Let’s go, I want to try ! Where to start ?
Congratulations ! I’m glad I’ve convinced you to try ! But above all, I invite you to read my feedback on the Gotago project to get an overview of the pros and cons of this method. Any method is indicated in some cases, as it may be contraindicated in other circumstances. This one, in particular, is advised for rather short projects, or POC.
To start, you must have a Microsoft Azure account. Everything is free up to a certain threshold (which I did not exceed in several months of development).
In Azure, you can create, host, and administer your database with SQL Server. You will be able to use a database visualization tool of your choice. Personally, I use Visual Studio.
For your API, you will create a Function App. This one will consist of HTTP Triggers. An Http Trigger is a script executed, as its name implies, by an Http request to a specific URL. You can do a GET, a POST or anything else, and use JSon to transfer data for instance. You will create your business logic in these Http Triggers, and you will use URLs from your mobile applications or websites to send or retrieve JSon. And that’s all ! Nothing more to do.
A small example before the end
Here is a small example of an Http Trigger in Azure. I’m about to show you an API that checks the validity of a user email address. For instance, when a user subscribes to your application, he should not use an e-mail address already used.
I will have an URL : https://api-monexemple.azurewebsites.net/api/isemailvalid
In a POST Http request, I will pass a JSON string : {email: “my@email.com”}
As a result, the URL will return a JSON string with the verified email address, and the result of the check : {email: “my@email.com”, isValid: true}
Then I could make an HTTP request to the URL from anywhere ! My Android application, my iOS app, my website… Also, the email verification algorithm can change at any time, the only change to be made will be on the API.
Coding interface directly in the browser
The window below represents my web browser in which I have coded my HTTP Trigger. You see the code at the top left, the test window on the right, and the console at the bottom left.
The code window allows me, as you guessed, to code my API. I do the “includes”, I decrypt the body if it is a POST request, I call the function for the business logic code, and I send a response with the result of the business code.

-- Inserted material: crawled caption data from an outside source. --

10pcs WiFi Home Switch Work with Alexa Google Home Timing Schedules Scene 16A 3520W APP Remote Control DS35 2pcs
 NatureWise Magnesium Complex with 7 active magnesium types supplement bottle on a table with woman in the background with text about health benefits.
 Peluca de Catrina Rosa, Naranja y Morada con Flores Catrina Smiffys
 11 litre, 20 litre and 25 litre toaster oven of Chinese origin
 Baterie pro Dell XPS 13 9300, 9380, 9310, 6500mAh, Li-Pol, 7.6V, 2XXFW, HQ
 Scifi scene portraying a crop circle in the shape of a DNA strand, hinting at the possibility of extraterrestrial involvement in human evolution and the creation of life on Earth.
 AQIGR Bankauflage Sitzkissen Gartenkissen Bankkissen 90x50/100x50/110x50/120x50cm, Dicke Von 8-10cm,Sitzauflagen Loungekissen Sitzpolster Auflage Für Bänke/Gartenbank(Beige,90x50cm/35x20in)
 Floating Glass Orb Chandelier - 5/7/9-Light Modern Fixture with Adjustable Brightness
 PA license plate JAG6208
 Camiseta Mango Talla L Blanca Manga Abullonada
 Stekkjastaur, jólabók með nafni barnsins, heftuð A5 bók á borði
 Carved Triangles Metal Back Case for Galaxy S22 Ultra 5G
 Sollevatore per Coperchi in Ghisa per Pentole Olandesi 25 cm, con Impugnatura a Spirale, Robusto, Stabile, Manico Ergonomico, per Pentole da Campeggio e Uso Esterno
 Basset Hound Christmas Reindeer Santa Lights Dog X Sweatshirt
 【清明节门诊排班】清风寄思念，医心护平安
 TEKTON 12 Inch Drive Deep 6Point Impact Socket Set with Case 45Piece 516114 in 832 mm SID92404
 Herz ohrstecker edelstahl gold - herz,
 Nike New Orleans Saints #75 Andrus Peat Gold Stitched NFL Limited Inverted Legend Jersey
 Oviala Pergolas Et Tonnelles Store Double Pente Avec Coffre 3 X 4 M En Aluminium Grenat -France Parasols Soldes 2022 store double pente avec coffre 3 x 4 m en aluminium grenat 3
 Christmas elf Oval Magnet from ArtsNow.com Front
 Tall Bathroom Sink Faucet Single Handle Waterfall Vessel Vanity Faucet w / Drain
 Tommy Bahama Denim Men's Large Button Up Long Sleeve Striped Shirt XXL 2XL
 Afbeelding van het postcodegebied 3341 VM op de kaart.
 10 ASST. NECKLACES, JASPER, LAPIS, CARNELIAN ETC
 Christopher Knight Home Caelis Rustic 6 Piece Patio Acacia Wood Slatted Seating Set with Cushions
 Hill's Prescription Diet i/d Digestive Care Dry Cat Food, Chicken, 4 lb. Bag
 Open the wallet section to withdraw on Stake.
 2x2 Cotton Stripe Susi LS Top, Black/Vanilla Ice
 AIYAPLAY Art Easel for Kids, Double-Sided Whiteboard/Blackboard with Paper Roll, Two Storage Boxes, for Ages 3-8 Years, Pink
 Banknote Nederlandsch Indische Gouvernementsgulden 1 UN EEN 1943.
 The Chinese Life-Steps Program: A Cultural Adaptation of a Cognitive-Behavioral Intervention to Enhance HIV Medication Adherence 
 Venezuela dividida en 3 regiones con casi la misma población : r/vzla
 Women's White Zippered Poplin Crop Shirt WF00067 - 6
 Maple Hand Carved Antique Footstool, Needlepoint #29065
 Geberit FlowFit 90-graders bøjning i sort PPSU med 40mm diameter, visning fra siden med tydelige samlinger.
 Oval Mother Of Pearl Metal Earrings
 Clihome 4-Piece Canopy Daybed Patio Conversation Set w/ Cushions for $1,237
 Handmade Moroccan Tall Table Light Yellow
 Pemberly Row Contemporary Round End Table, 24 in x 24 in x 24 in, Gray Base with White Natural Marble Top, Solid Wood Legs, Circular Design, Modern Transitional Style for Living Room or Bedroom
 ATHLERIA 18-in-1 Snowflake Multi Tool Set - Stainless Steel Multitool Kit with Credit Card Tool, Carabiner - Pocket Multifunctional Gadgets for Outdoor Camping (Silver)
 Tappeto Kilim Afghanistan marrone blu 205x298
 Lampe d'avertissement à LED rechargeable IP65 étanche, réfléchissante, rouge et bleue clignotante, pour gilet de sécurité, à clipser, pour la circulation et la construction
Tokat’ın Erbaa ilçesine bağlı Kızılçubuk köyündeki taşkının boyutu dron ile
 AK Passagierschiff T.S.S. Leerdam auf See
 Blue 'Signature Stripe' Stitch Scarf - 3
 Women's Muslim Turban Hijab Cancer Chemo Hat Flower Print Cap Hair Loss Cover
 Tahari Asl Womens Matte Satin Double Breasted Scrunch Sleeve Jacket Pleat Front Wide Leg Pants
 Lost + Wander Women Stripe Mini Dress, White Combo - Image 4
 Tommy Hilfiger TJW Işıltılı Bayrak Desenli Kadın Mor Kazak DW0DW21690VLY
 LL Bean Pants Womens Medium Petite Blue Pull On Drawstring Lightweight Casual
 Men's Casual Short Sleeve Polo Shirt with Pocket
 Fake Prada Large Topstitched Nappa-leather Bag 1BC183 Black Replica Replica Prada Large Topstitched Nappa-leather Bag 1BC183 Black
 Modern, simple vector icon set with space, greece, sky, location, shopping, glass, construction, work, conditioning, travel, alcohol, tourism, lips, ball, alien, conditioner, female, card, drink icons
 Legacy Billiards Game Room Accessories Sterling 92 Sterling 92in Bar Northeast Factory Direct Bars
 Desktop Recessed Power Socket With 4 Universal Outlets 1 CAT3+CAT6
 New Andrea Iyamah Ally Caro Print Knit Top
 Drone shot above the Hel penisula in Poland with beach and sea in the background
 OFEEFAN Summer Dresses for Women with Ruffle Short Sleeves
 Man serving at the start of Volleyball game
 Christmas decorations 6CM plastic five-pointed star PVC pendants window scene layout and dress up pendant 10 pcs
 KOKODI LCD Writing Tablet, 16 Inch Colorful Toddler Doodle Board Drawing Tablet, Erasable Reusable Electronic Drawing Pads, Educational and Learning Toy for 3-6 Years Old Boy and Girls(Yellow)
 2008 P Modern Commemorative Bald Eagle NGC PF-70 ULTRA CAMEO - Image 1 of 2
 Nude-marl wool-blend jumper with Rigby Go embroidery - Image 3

The test window allows me to simulate a fully customized API call. It’s useful to test your development ! Without this window I should have to run my Android or iOS application and click the button that calls the API … Once the call was made in test, I have the result directly below, in green, with the associated returned string.
The console window, gives all the information on the code. If the code compiles or not, where are the errors … We also have the traces in case of call to the API. These traces can be found in an other place : in the monitoring window. The latter provides a history of all calls made to the API. It is essential to maintain its service.
API business code
The window below shows the business code that verifies my email address. I removed the test windows and the console for more readability :
First, the code checks the format of the email address.
Then, the API connects to a database, and performs a SQL query to check if a user with the same email address already exists. The SQL database can be hosted on Azure, free up to a certain threshold. It can also be hosted elsewhere.
Finally, here is the class to manage the JSON of the HTTP request :
By using this class and the Newtonsoft.Json nuget package, I can serialize and deserialize JSON in a single line ! Extremely convenient isn’t it ?!
And you, what methods do you use to create your API ? What architectures do you use for your web and / or mobile platforms?